Beyond that, he notes many journalists are sloppy about granting confidentiality too freely and too quickly, not discussing carefully, and relatively early in the sourcing progress, what level of attributional confidentiality the source wants and the reporter is willing to give, and not distinguishing between confidential sources, and true, reporter subpoena-resisting anonymous sources. (Pearlstine found, independently of Karl Rove's lawyer saying he had never asked for anonymity, that Rove was indeed not an anonymous source, and that Matt Cooper was guilty of some of the errors laid out above.)
Short of a SCOTUS revisiting of Branzburg (which, given the current Court, could be disastrous), Pearlstine says the need for a federal shield law is paramount. He discusses various attempts that have recently been put through Congress, and the hostility of the Bush Administration to even a mild, loophole-filled version.
Beyond that, Pearlstine is refreshing for his challenge to his own, and my own, profession. He clearly states that a shield law should not be absolute, that reporter-source sourcing agreements are a contract of sorts, that the ultimate call on changing their terms belongs to sources and not reporters, and that many reporters, above all investigative reporters, need to be on a tighter editorial leash, citing former New York Times reporter Judith Miller as Exhibit No. 1.
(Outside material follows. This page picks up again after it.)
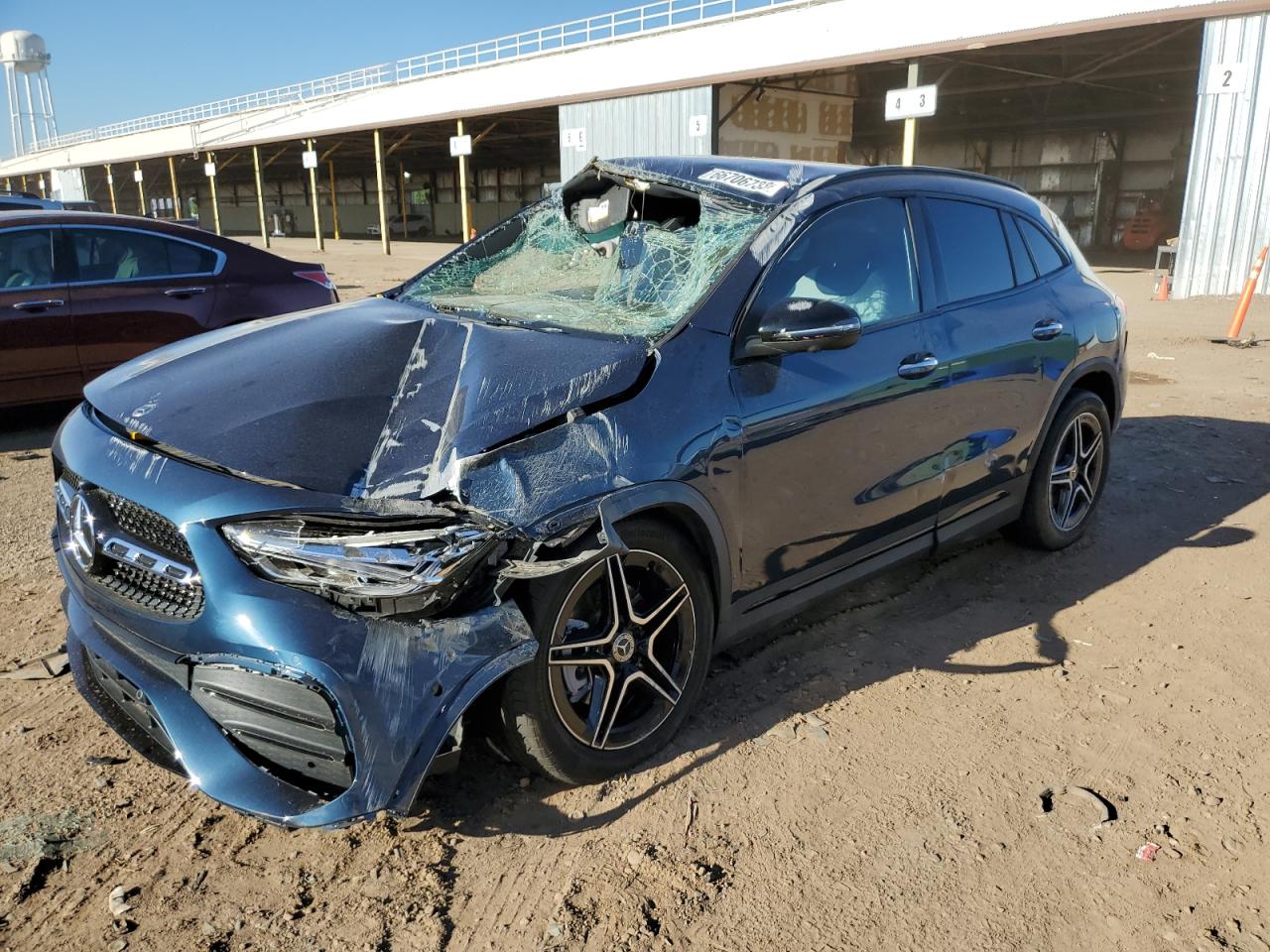 Mercedes-Benz GLA 250 4matic Image 1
In short, if you want a great look at how today's Beltway journalism operates, followed by a prescription for how it should operate, this book is a winner.
First of all, Sorry Mr. Pearlstine. Bought this book for $1 at Dollar Tree, so you'll probably not see much of anything from the sale. But I can give a positive review:
In Off the Record, Norman Pearlstine makes a passionate yet reasoned plea for a change on how the government, press, and readers regard anonymous, confidential and off the record sources used in investigative journalism.
For the government, he cautions against insisting everything said be "on background" and that nearly every document be classified as secret.
For the press, he urges education on what these terms mean, getting away from the assumption that talks with government officials start off on background, and settling with sources - and editors - the ground rules for confidentiality, background and such so that everyone going into the argument knows what is expected and what the terms mean. He feels these terms are thrown around loosely and recklessly by the press and government, and thus have lost a lot of their meaning.
He also urges the press to use confidential and background sources rarely, and off the record sources not at all, in order to help rebuild trust among readers.
For readers, I think he's urging patience. The press, he acknowledges, has a lot to fix -- the words hidebound and stiffnecked were invented to describe the press, in my opinion -- so it's going to take time to fix things.
As a washed-up shell of a lazy journalist myself, I have to agree with Pearlstine. Part of the trouble lies in the fact that the pros in the business just assume that folks coming in new already know this stuff, while j-schools, for the most part, send new people into the field assuming they'll learn the ropes on the job. There's a learning/teaching vacuum among journalists that often doesn't get filled in until Robert Preston comes in a-singin' about trouble, folks, right here in River City.
The book is also a good introduction to First Amendment law, and helped me hark back to the media law class I took at the University of Idaho.
Much more interesting and enlightening than I expected. This well-placed journalist offers educational insight into the intricacies of dealing with sources.